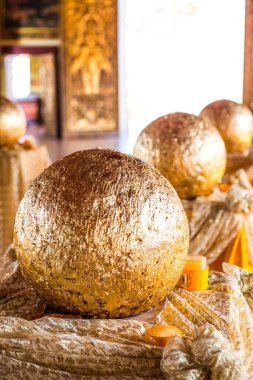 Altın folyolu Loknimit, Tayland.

* * *

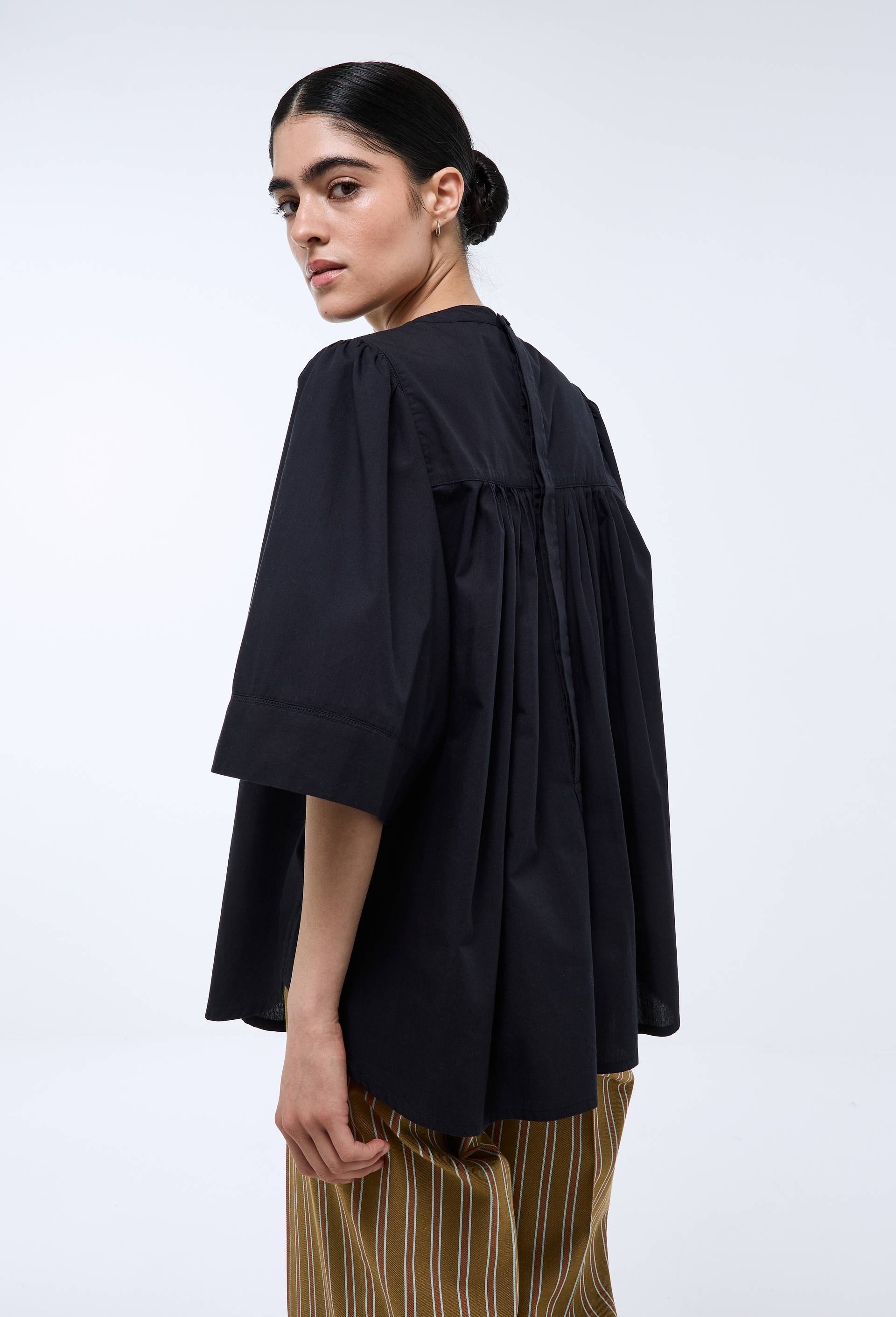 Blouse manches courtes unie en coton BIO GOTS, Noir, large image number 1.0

---

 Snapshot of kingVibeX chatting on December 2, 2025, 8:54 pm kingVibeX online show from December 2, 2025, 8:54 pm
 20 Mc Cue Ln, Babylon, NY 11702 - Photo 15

To do | Of the entries above, transcribe exactly those lines that fall between the line containing "Snapshot of kingVibeX" and the line containing "20 Mc Cue Ln, Babylon, NY 11702 - Photo 15", together with those two lines.

Your response |
 Snapshot of kingVibeX chatting on December 2, 2025, 8:54 pm kingVibeX online show from December 2, 2025, 8:54 pm
 20 Mc Cue Ln, Babylon, NY 11702 - Photo 15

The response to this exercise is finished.